The trouble with day jobs is they often get in the way of the important stuff, like writing. On the whole I do tend to get off quite lightly, especially for an accountant, where a lunatic fifteen-hour day work ethic is still quite prevalent. Fortunately it has been a long time since I had to succumb to such nonsense, and for this I am grateful. I commute by public transport, and although this keeps me away from home for eleven or twelve hours each day, I get to spend two to three of them reading or listening to podcasts; never knock public transport, I get through thirty books a year this way.

But the accountancy world likes to drop one little irritant onto the calendar every twelve months: year-end. This is the time when statutory accounts must be prepared. My year-end is 31st December, so at least I get Christmas.

The photo is of frozen trees in Delemere Forest on
New Year's day, my last day of freedom.

But on 2nd January it’s back to work for a run of two or three seven-day weeks, when daylight and the sight of clouds scudding across the sky becomes but a memory. Each evening I return home in the guise of a zombie, and, although I still manage to write a little, most of it will be edited out of existence during the following weeks of post-accountancy rehab.

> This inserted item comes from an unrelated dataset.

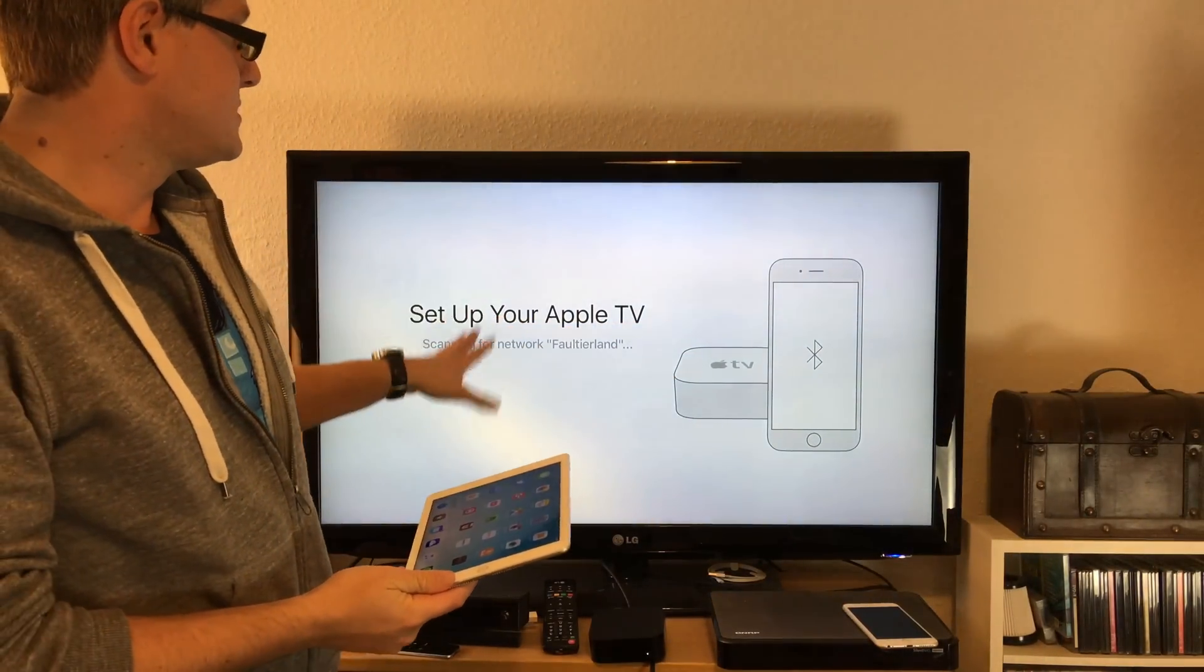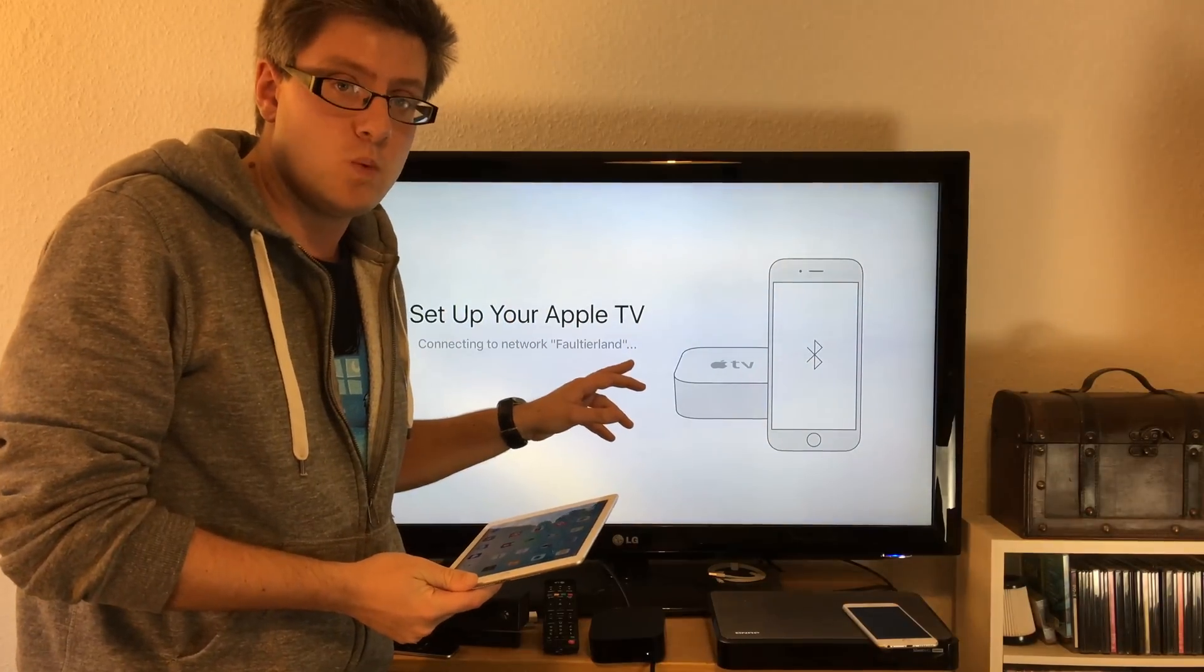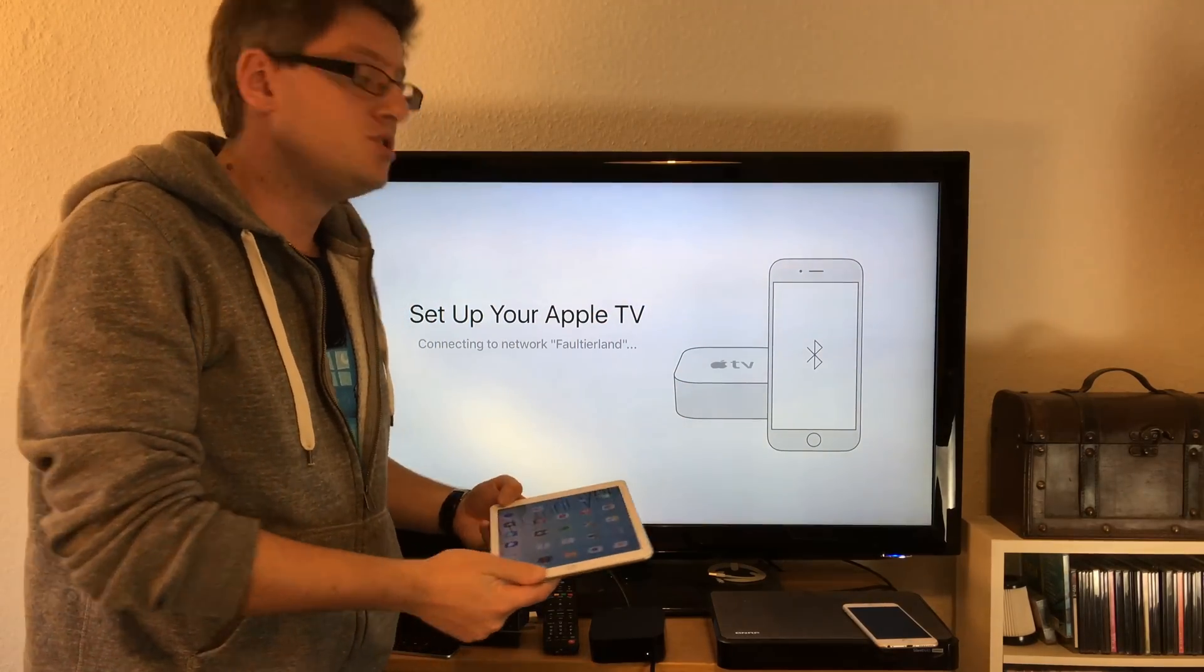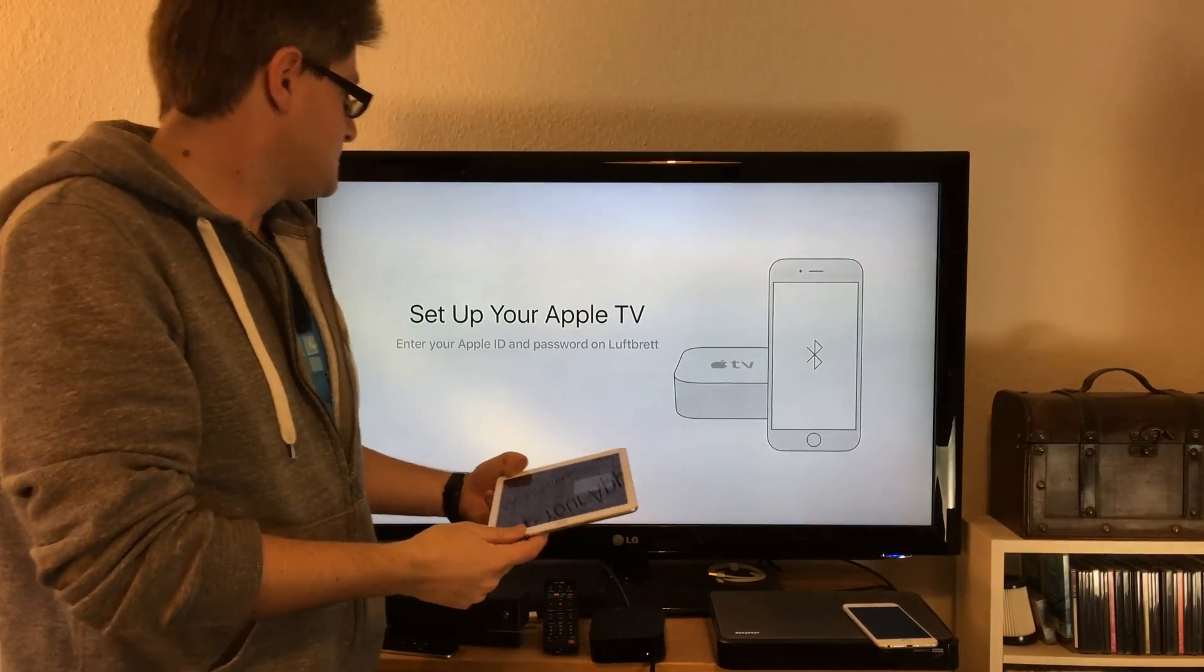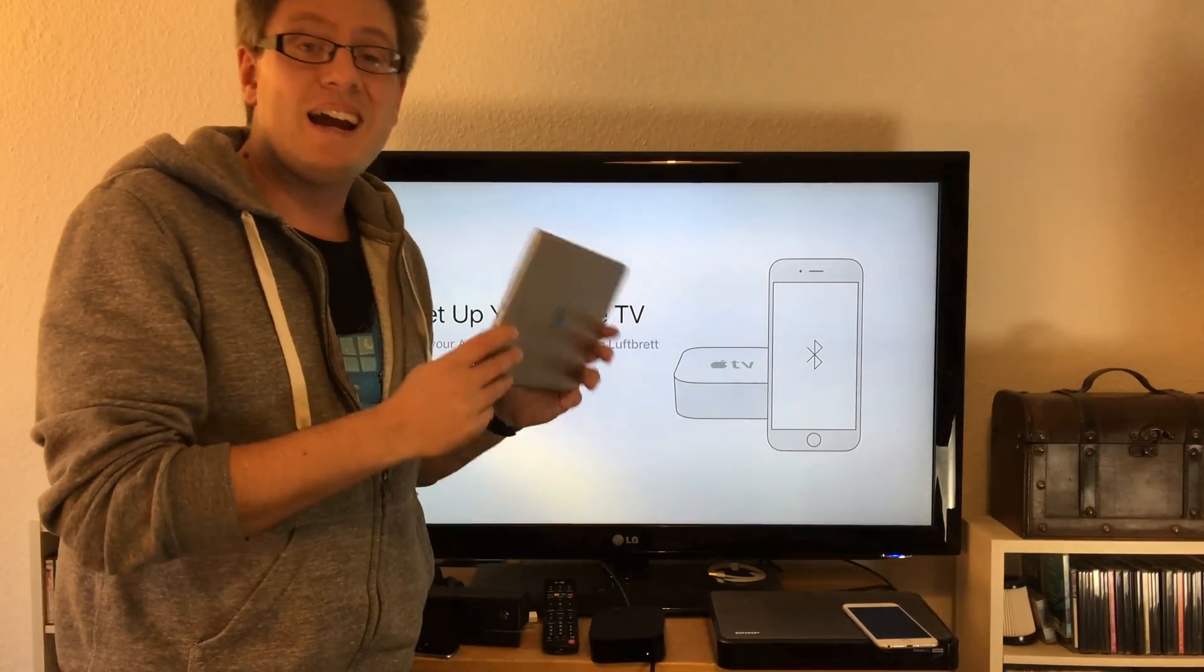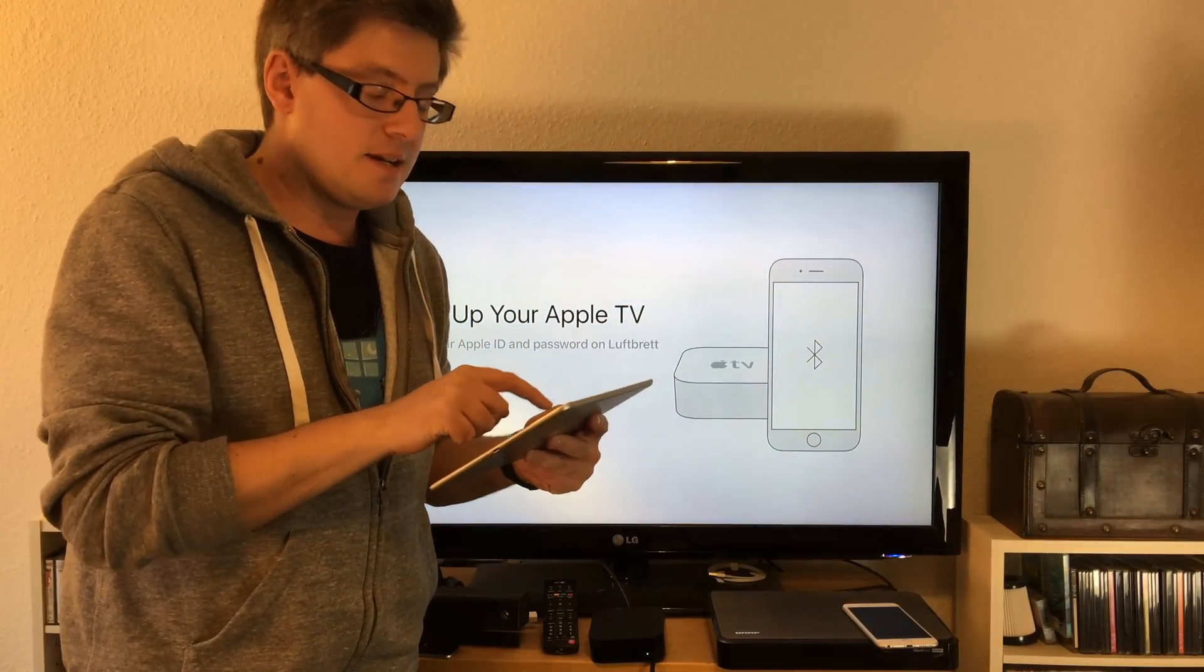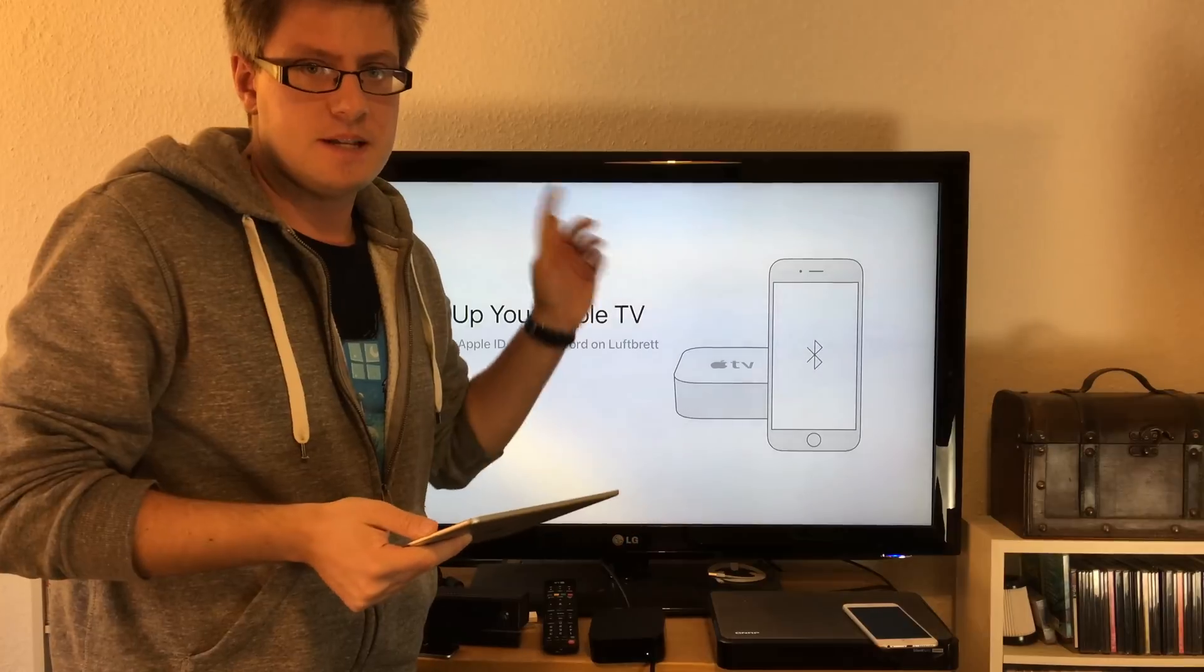It's scanning for network - it now knows my home Wi-Fi network and is connecting to it automatically, which is really cool because there's no more pushing buttons, no swiping around, no selection of keys. Now I have to enter my Apple ID and password on my iPad. The email is already there but I have to confirm my Apple ID password, and frankly, typing the password on an iPad is way easier than typing it with the Apple TV remote.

But it’s over. I have emerged. My first free weekend. It was wonderful. Sarah and I have done museums, pizzas, gardens... and today we went to Ness, for a lecture about bugs and slugs and their sex lives. (Never let it be said that I don’t know how to give a girl a good time.)

And I’ve worked through a long list of tasks that have been on hold for a while: I’ve booked Wirral Writers a table at next month’s Write Minds event in Ruthin (28th Feb); I’ve booked accommodation for our annual pilgrimage to the Hay Festival in May (accommodation is such a classy word, don’t you think? I'm referring to a 18x6 patch of grass in a field. But it’s a very nice field, and it's one in which we’ve wanted to park our caravan for a number of years.)

This is Hay 2007. I don't have photos of 2008, my camera isn't the underwater type.



And I’ve been booked to play sax/clarinet in two shows in March and April. And I've booked a caravan site for a weekend in London...

Now just look at that, a clear desk.
Sleeves rolled up. Cup of tea. Time to push on with the novel.